My face smells like last night's lay. I need a whore bath. Or a corndog.
Farted during a conference call.SBD. permeated the room people were gonna puke.noone could say anything or leave cus we were on the phone with clients. coworkers were outraged.how I still have a job is beyond me.
what is the aproppriate waiting time between having sex and playing super Mario brothers
6 min
She forced me to throw up so it would "rejuvenate" me. It worked and then we took six more shots and did a keg stand. You know what I call that? Friendship.
See what happens chris. I told u not to invite her over. Now shes on her way to jail and were stuck with two pomeranians.
Unless you've also woken up wearing a poncho and a ring pop, I suggest you don't judge me. Okay, I even judged myself for that.
Fairly certain I cracked a rib. Masturbation is not for the weak. I die now.
You left me a message at 3am crying because you just found out there's a Paddington Bear statue in Peru.

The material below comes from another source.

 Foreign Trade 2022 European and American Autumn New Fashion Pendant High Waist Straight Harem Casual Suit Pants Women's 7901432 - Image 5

Which sister was it? The one I accidentally hit when my shoe flew off or the one I ate candy off of when we were high?
Got kicked out of the club and woke up at a frat house. Good night? Couldn't tell you. I got a date out of it I'm glad someone thinks my drinking problem is cute.

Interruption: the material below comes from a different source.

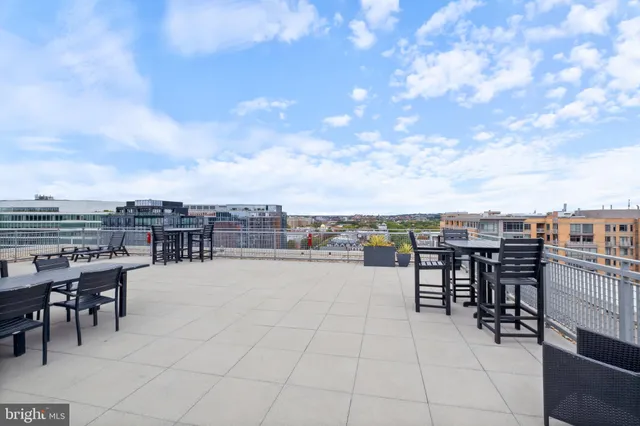 a view of bike garage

You need to get out of there before he falls in love with you.
I just remembered that I insisted everyone watch porn together last night.
How is it that I know 4 different bartenders who won't charge me for drinks, but I can't get laid?
It occurred to me today, whilst I was on the phone to boyfriend number 1, whilst in the car with boyfriend number 2 who was dropping me at the shops to meet boyfriend number 3 to help me buy a present for boyfriend number 4 that I should be having much more sex than I am.